Your objective: What lines in the records below include the word "featuring"? Return each one.

Task material:
::::

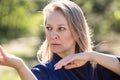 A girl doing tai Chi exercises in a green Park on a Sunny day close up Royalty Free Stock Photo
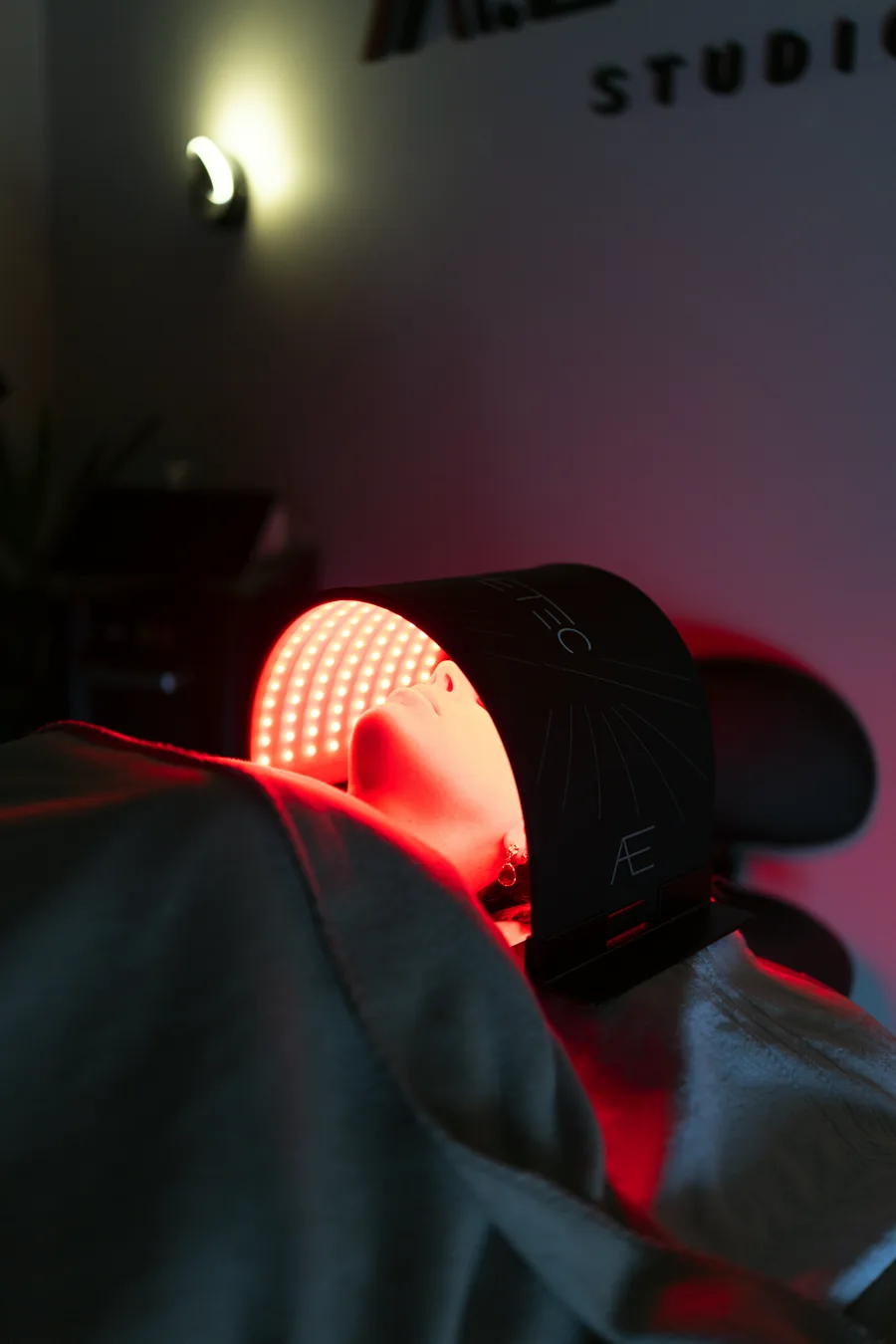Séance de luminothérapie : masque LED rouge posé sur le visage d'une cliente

::::

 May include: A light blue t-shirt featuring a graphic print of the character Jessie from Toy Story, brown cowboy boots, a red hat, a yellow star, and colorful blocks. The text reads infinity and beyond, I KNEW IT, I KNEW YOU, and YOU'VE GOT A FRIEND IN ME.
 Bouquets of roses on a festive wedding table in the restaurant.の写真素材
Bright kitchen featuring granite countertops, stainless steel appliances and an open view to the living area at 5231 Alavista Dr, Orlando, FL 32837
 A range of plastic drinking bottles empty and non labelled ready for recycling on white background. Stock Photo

::::

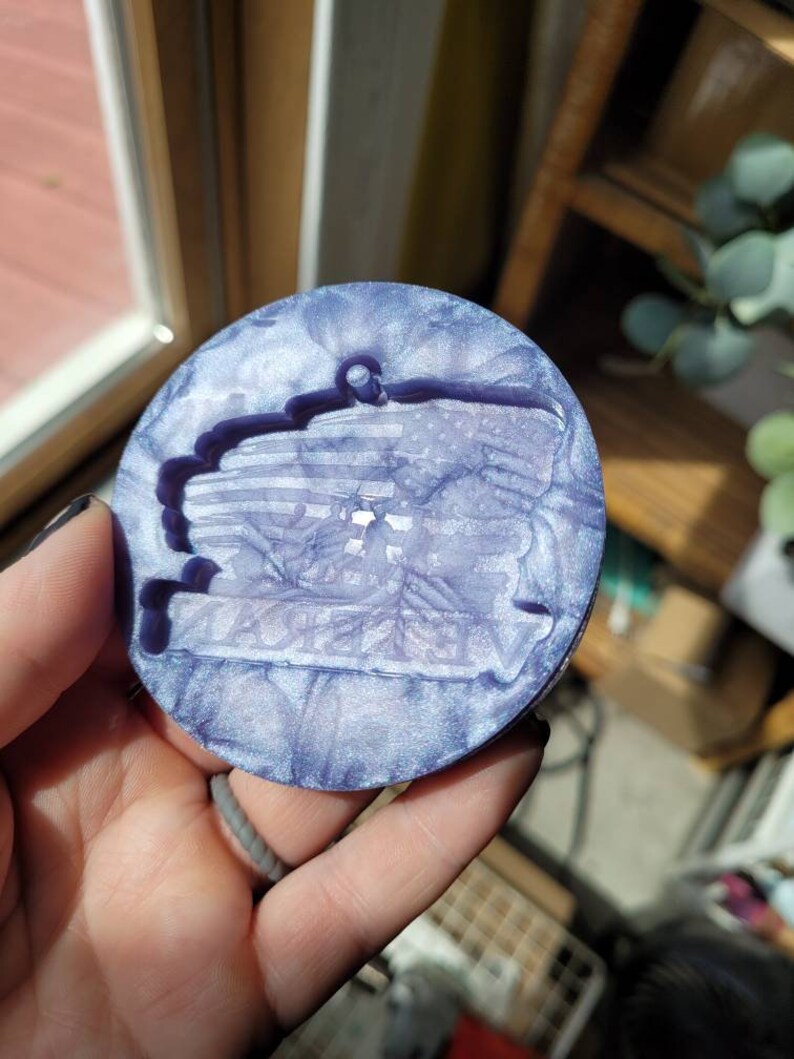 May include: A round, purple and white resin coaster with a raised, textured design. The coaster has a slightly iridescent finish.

::::

Your solution:
 May include: A light blue t-shirt featuring a graphic print of the character Jessie from Toy Story, brown cowboy boots, a red hat, a yellow star, and colorful blocks. The text reads infinity and beyond, I KNEW IT, I KNEW YOU, and YOU'VE GOT A FRIEND IN ME.
Bright kitchen featuring granite countertops, stainless steel appliances and an open view to the living area at 5231 Alavista Dr, Orlando, FL 32837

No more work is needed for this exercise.